New Street Landscaping
Around the corner on Putnam there is a different sort of confusion, about what is an appropriate layout for a street.  In the first assignment, I observed that when you cross Sydney going northwest, Putnam Street narrows.  In looking at my site now, I realize that the truth of this statement depends on what you define as “street.”  Actually, many of the industrial buildings facing one another on Putnam are actually closer together than are residential buildings further up the street.  The difference is that below Sydney, there are no sidewalks, but the asphalt stretches from the base of one concrete building to that of another across the street, with only the yellow traffic divider in-between. 

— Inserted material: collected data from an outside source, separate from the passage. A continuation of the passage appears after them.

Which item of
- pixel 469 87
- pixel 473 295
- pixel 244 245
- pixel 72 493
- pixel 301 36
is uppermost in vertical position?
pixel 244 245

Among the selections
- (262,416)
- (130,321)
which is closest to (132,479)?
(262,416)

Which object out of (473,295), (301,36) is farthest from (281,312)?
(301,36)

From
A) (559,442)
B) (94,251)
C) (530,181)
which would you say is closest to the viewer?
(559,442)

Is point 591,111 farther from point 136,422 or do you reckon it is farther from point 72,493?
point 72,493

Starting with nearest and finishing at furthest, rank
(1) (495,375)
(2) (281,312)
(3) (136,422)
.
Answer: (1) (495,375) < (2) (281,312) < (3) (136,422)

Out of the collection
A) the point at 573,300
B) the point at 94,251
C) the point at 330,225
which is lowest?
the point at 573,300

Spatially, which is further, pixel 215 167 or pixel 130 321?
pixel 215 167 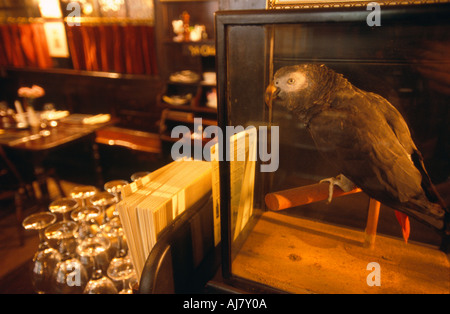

Once, this block had the same size sidewalks as further up, but at some point, perhaps for the ease of driving trucks up close to (or into the driveways of) these industrial buildings, the sidewalk was ripped out and sloping asphalt replaced it everywhere.  That is, everywhere except for where a street lamp or a fire hydrant was connected to the ground!  In this photograph and in my diagram (click it for more detail!), we see that the traffic light is on a small bump protruding from the sloped asphalt, edged with a piece of what I think is granite.  This piece of granite is all that is left of the curb that used to extend the length of the street, with the sidewalk once filled in up to its edge.  Such a change would not be visible on most street maps nor land-use maps, and I could not discover when the sidewalks were removed from this part of Putnam Street; nevertheless, it looks fairly recent and I would bet that this change took place in the last third of the 20th century.

 
 
Where is Cambridgeport Headed?
After much investigation into the history of my site, I will conclude with predictions and hopes for its future.  For about as long as the area has been developed, it has had an unusual mix of industrial and residential buildings.  Unusual, in that the industrial has not acted as a detriment to the residential; in fact, in recent years property values have been going up.  There have been no major changes in the types of buildings here for more than 70 years, and I have no reason to believe that this will change in the next few decades.  The changes that have occurred have been small scale: renovations of buildings, paving over the sidewalks on Putnam, and laying new bricks for other sidewalks on my site, as well as a few entirely new buildings in just the last couple of decades.  I think that the Vertex Pharmaceuticals building across from Fort Washington is an indicator of what is to come for the industrial part of my site; if the economy recovers from its current slump, I think we can expect that most of the ugly, concrete buildings between this building and the new housing development on Chestnut will be replaced by nicer brick buildings of the same style, and like them surrounded by new sidewalks and tree plantings.  Such a change would mean that the stretch of Putnam without sidewalks would be redone to be much more pedestrian friendly.  I fear that in the residential area, if renovations continue along the same lines as they have been, the neighborhood will lose its charm, and with these blank facades, particularly if there are new industrial buildings, the whole area might then develop a sort of sterile feel.  My hopes for the neighborhood are that the old houses get repainted, and perhaps even re-shingled where there is no interesting detailing, and for the many chain link fences around the yards to be replaced by wooden ones.  This way the neighborhood could lose some if its gritty feeling without losing the charm.  And if the industrial section were a bit gentrified, Fort Washington would not be so isolated and could be better appreciated as the historical monument that it is.